● **Collected material**
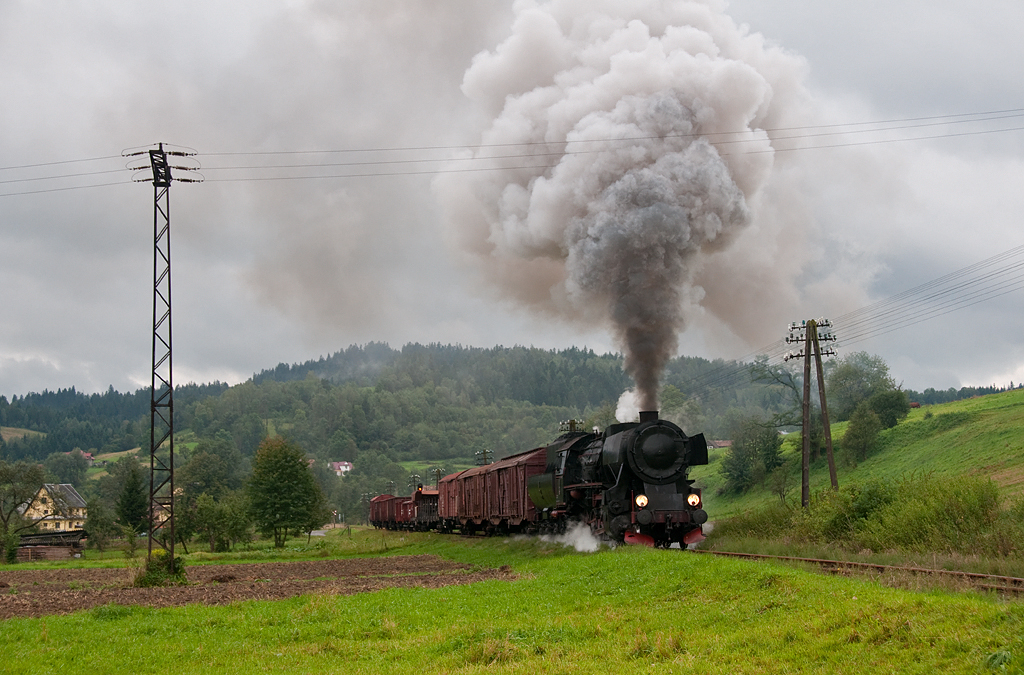 Mit Volldampf durch die Beskiden [2]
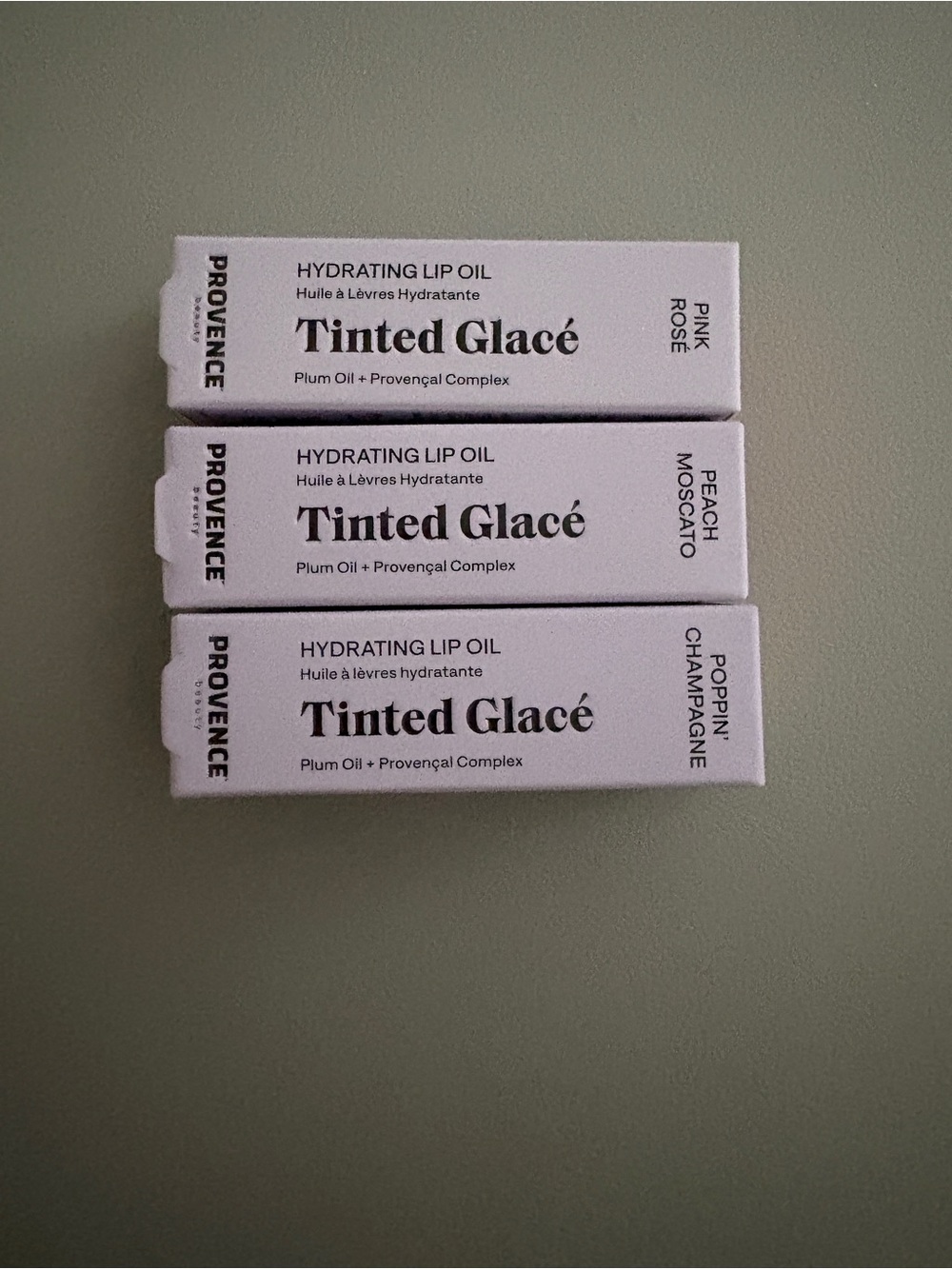 NWT Provence Beauty Tinted Glacé Hydrating Lip Oil
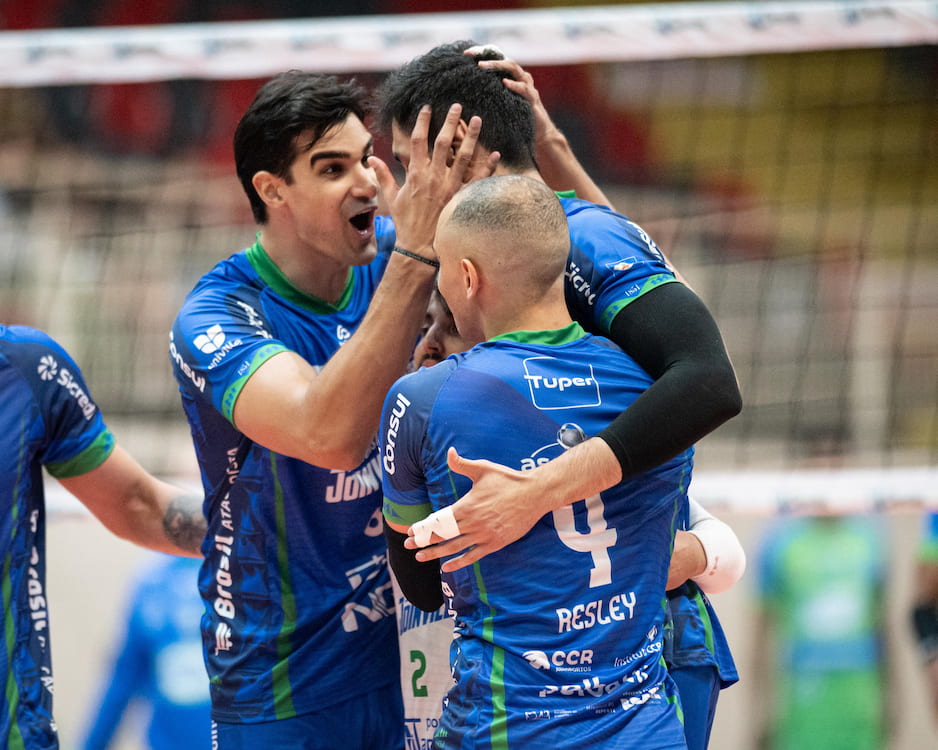 Joinville Vôlei é superado pelo Viapol São José em jogo acirrado pela Superliga Masculina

● **Action item**
Leave the pictures out. Output exactly, and only, the lines from the one with "NWT Provence Beauty" through the last line of the listing above, both included.

● **Result of the task**
 NWT Provence Beauty Tinted Glacé Hydrating Lip Oil
 Joinville Vôlei é superado pelo Viapol São José em jogo acirrado pela Superliga Masculina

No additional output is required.